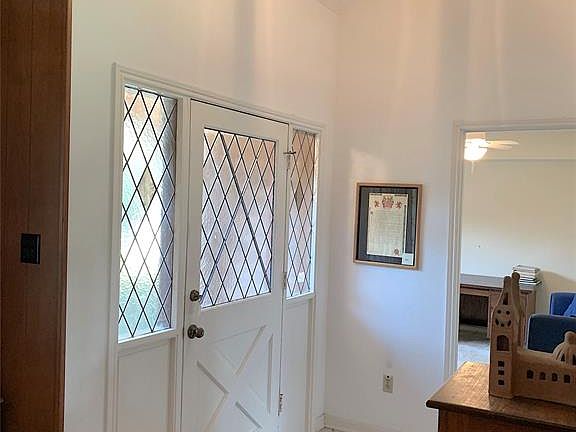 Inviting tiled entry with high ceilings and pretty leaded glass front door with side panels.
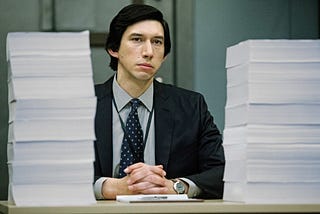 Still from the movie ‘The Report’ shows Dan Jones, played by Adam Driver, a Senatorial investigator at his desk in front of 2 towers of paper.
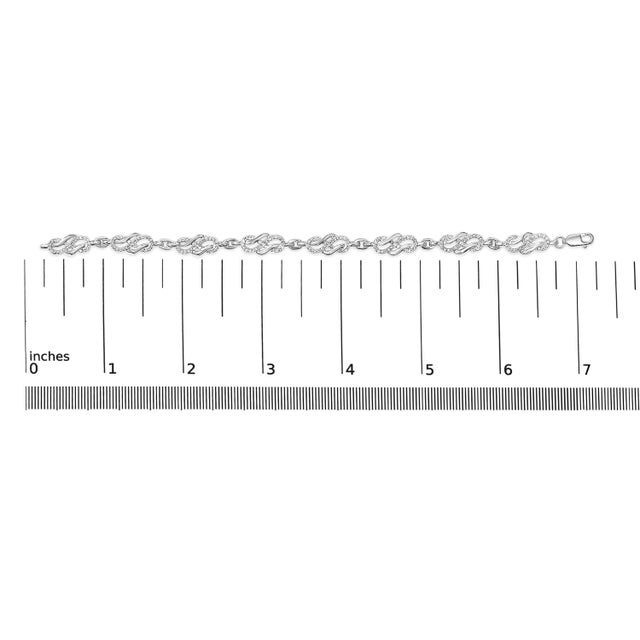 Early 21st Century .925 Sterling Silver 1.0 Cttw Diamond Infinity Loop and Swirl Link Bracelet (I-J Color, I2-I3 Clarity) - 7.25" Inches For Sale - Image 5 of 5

**AIM OF THE EXERCISE**
Copy the data word for word, no pictures.

**RESULT**
 Inviting tiled entry with high ceilings and pretty leaded glass front door with side panels.
 Still from the movie ‘The Report’ shows Dan Jones, played by Adam Driver, a Senatorial investigator at his desk in front of 2 towers of paper.
 Early 21st Century .925 Sterling Silver 1.0 Cttw Diamond Infinity Loop and Swirl Link Bracelet (I-J Color, I2-I3 Clarity) - 7.25" Inches For Sale - Image 5 of 5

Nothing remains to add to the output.